404 U.S. 418 (1972)
- EE purchased 13.2% of the shares in Dodge in order to take over Dodge.
- However Dodge’s shareholders then merged with RE, thus rendering EE’s purchase relatively useless, since they would be owning shares in their own competitor and not for takeover purposes.
- EE decided to sell those shares, but would be selling at a substantial profit.
- Under rule 16b, any shareholder with 10% or more of the shares outstanding in a company must forfeit the profit of any sale of stock to the parent company if the sale occurs six months after the date of purchase.
- EE’s lawyers suggested a sale that would get EE to under 10% ownership (9.9%).
- Then, EE would sell the remaining 9.9% shares at a profit and not be in violation of the rule.
Whether EE is liable under 16(b) to the extent that EE should forfeit profits for both sales.
- No.
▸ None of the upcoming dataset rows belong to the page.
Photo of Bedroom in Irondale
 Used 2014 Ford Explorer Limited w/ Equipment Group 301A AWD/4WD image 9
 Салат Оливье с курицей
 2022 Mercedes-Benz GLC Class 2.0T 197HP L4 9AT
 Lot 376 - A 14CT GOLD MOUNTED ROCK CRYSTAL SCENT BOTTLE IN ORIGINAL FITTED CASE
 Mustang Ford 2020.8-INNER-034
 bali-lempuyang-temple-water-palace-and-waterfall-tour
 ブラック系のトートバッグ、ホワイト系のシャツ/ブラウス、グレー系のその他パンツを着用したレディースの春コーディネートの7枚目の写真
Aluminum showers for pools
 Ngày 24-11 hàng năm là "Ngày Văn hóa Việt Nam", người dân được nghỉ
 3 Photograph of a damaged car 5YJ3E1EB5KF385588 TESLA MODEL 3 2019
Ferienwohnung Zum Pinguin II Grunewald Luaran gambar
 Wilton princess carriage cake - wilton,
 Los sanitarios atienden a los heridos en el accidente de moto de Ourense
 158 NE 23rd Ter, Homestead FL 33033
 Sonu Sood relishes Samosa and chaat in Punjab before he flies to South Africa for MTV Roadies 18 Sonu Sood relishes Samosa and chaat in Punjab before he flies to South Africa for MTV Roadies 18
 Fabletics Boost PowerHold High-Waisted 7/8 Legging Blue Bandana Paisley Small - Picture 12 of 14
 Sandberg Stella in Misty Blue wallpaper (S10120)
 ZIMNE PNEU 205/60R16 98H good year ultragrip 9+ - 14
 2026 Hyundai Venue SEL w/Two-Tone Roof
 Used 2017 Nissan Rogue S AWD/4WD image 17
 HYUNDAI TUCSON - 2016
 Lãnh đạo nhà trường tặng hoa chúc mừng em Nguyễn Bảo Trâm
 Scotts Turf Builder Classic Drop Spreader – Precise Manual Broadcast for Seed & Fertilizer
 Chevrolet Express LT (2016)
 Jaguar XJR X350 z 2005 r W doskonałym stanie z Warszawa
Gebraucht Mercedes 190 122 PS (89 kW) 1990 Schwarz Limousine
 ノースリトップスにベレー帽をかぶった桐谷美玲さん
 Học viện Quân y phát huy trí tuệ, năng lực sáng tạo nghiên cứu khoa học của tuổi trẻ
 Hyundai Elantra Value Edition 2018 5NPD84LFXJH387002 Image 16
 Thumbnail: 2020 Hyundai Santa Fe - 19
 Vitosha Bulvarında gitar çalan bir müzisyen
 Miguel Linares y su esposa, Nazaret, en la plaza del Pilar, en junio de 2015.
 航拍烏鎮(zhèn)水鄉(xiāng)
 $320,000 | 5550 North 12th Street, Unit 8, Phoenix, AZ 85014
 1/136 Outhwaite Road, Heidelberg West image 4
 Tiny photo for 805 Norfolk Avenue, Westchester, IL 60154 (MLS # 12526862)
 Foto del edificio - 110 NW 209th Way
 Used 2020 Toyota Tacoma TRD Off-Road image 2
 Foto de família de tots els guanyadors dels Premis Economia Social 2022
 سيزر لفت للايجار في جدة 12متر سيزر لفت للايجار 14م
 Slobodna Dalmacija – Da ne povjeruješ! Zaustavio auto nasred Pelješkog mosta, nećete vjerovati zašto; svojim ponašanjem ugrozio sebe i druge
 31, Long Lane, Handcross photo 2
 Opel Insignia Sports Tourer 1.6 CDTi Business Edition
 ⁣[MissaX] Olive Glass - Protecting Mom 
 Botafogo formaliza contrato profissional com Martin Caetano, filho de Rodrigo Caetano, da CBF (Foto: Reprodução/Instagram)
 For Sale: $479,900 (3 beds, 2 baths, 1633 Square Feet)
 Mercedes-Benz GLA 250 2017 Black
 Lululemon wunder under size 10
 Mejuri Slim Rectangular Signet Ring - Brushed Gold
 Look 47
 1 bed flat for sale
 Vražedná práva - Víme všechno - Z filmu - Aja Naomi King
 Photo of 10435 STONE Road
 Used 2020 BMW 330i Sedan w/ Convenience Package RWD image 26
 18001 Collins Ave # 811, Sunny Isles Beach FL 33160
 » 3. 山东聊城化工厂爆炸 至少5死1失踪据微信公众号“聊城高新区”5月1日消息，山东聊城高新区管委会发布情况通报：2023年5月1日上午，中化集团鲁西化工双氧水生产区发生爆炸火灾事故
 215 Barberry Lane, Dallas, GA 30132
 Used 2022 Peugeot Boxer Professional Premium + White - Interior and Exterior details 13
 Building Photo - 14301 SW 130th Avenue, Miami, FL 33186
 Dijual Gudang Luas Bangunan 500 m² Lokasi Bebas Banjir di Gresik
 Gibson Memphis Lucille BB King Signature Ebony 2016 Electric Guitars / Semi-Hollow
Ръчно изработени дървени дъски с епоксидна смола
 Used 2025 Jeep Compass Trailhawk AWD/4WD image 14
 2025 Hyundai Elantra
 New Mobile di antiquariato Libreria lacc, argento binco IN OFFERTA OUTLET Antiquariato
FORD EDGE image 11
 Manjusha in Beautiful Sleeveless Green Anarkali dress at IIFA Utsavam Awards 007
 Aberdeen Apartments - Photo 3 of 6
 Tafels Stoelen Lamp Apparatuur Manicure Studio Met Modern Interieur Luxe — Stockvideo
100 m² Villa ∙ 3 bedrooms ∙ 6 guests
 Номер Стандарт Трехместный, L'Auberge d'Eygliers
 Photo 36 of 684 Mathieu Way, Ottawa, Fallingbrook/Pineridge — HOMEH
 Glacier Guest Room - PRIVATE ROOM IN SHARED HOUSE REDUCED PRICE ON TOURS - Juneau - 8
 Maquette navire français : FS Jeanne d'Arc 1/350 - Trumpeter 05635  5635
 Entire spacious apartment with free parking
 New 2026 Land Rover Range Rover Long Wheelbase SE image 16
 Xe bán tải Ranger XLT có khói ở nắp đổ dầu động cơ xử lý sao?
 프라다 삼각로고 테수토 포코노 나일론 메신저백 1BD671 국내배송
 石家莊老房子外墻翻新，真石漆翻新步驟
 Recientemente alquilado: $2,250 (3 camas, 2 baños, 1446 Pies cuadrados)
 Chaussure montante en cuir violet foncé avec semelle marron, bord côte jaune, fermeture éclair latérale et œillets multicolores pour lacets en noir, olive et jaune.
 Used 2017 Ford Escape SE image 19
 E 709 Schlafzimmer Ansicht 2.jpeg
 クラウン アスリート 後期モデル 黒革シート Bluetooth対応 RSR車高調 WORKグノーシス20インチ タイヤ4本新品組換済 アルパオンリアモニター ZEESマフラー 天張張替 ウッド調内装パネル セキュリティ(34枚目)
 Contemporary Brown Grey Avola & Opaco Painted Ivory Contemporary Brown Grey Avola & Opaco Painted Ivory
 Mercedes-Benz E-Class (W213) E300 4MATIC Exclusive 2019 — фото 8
It doesn’t matter whether EE split the transactions to avoid returning profits.
- It doesn’t matter whether this was intentional or not.
- The current reading of the statute doesn’t prohibit splitting.
- A company that sells in multiple transactions may not have the intention of avoiding repaying profits and it’s bad policy to restrict the free sale of profits
- The court stated the legislature can explicitly change this provision if it wishes.